Zunächst aber, warum die Neuvergabe der Planerleistungen notwendig sei. Kirschstein erklärt: "Wir können, wollen - eigentlich müssen wir - die bisherigen Planungsverträge beenden. " Dies hänge mit der 2017 durch den Stadtrat beschlossenen Neukonzeption der Rathausnutzung als "Haus der Begegnung" zusammen. Das Rathaus sei "die Seele der Stadt" und man wolle eine Nutzung, die eine möglichst große "Erlebnisatmosphäre" sicherstelle. Die damit einhergehenden deutlichen baulichen Veränderungen und das größere Kostenvolumen erfordere ein neues Vergabeverfahren.
Rechtsanwalt Bühler rät, dies im Rahmen einer EU-Vorinformation auf den Weg zu bringen. Dies sei der schnellste Weg um im Vergabeverfahren über einen Zuschlag entscheiden zu können. Oberbürgermeister Uwe Kirschstein warnt vor den Folgen, falls keine Neuausschreibung getätigt werde: Dann würden Fördergelder auf's Spiel gesetzt.

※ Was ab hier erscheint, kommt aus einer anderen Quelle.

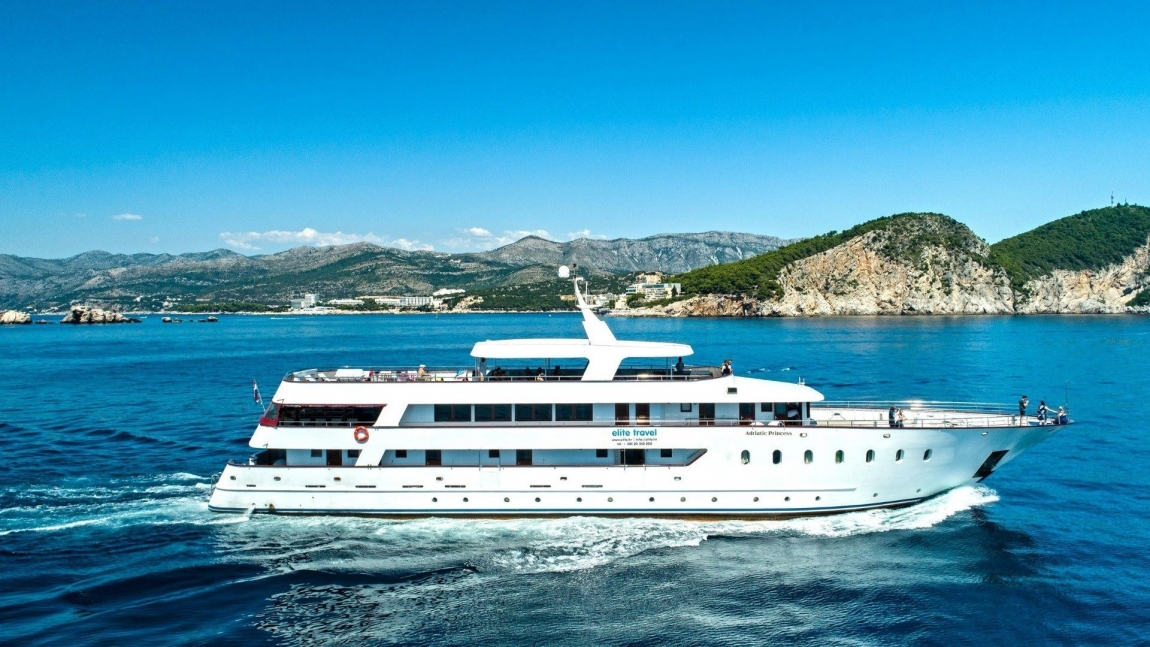 Adriatic Princess Dubrovnik to Dubrovnik 2021 Croatia Holidays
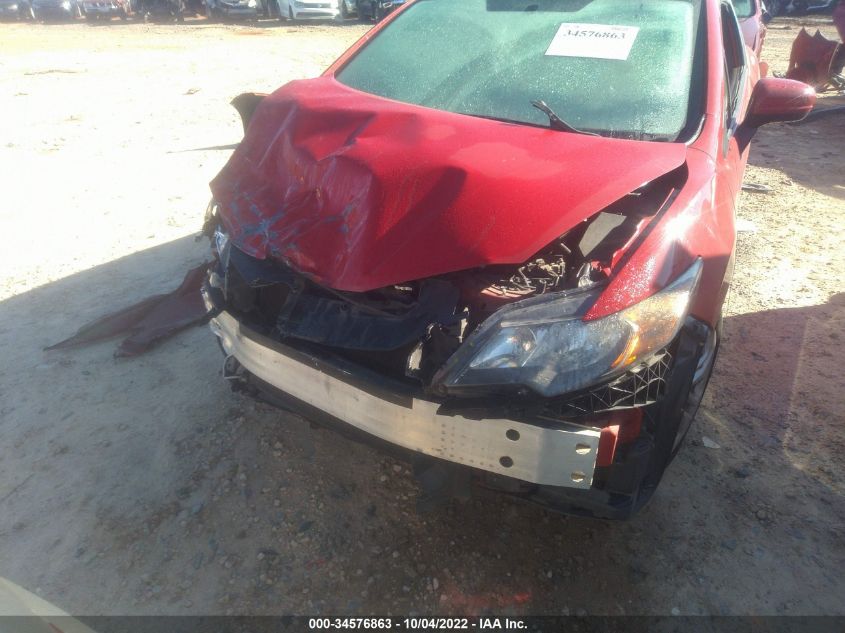 2015 HONDA CIVIC LX - 2HGFG3B50FH515490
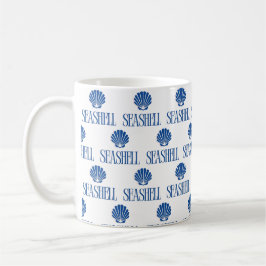 Schelp Koffiemok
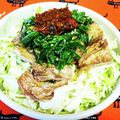 龍青空ママ's cooksnap of when they made さば缶(水煮缶)ときゃべつのポン酢がけ.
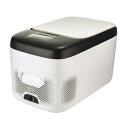 【楽天スーパーSALE】ポータブル 冷凍庫 車載冷蔵庫 25L ポータブル コンプレッサー式 -30℃ USB給電可能 家庭用コンセントにも可能 ミニ冷蔵庫 急...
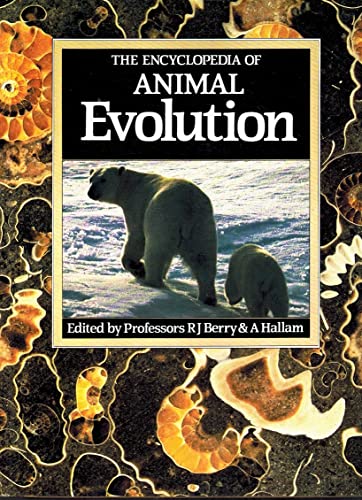 Imagen de archivo de Encyclopedia of Animal Evolution a la venta por Better World Books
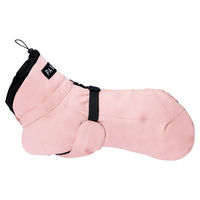 Produktbild von PAIKKA Hunde Winterjacke Visibility Seawool reflektierend in Rose
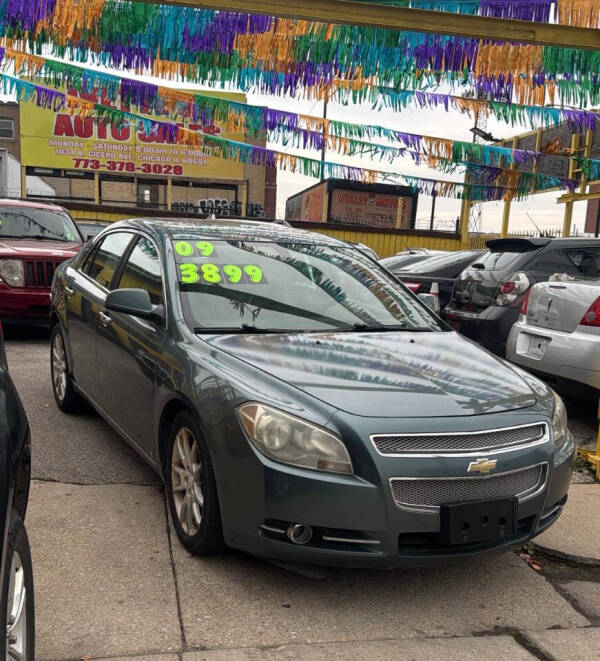 2009 Chevrolet Malibu LTZ's photo
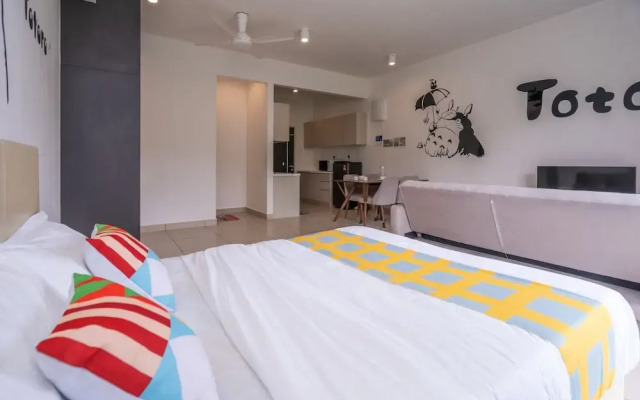 OYO Home 89612 Studio Midhill Genting
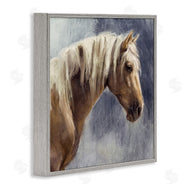 Nina Blue | Golden Boy Horse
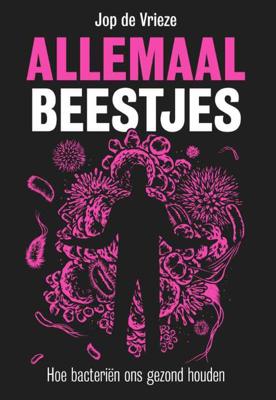 Allemaal beestjes - Jop de Vrieze - Paperback (9789491845130)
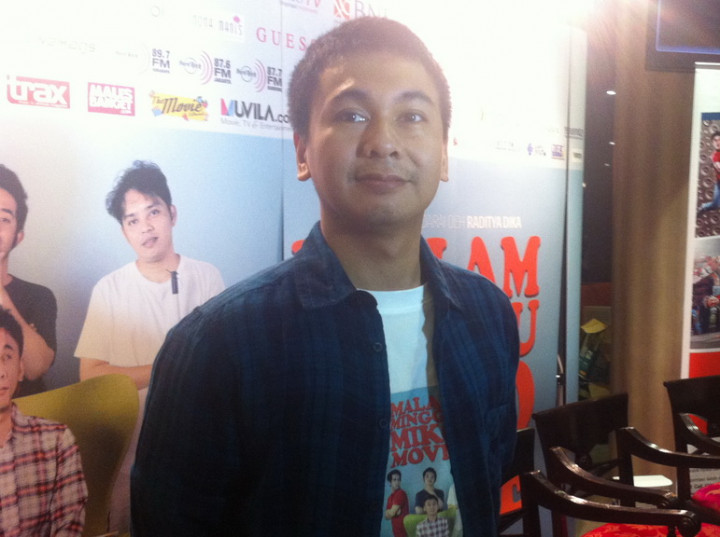 Raffi Ahmad Dikritik Usai Divaksin, Deddy Corbuzier Usulkan Nama Raditya Dika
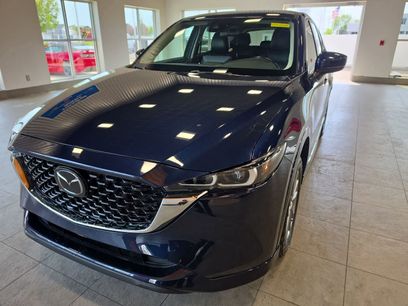 Used 2025 MAZDA CX-5 AWD 2.5 S w/ Select Package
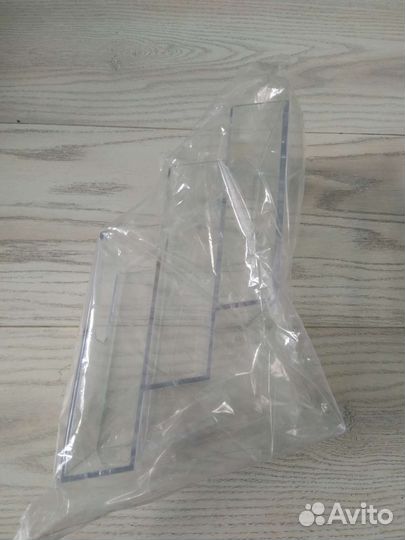 Буклетница настольная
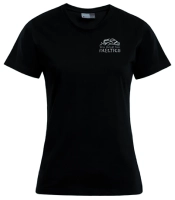 Tour-Shirt 2026 - Damen - schwarz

Im schlimmsten Falle könnten die gesamten Kosten für die Planerleistungen ab der Leistungsphase fünf dann wegen Verstoßes gegen das Vergaberecht aus der Förderung herausfallen. Der im Risiko stehende förderfähige Anteil betrage 1,2 bis 1,8 Millionen Euro.
Rechtsrat Till Zimmer findet deutliche Worte: "Es steht so viel auf dem Spiel, dass wir den Weg weitergehen müssen". Da fällt dem Presseberichterstatter nur noch das alte Lied von Milva ein: "Weitergeh'n - egal was kommt".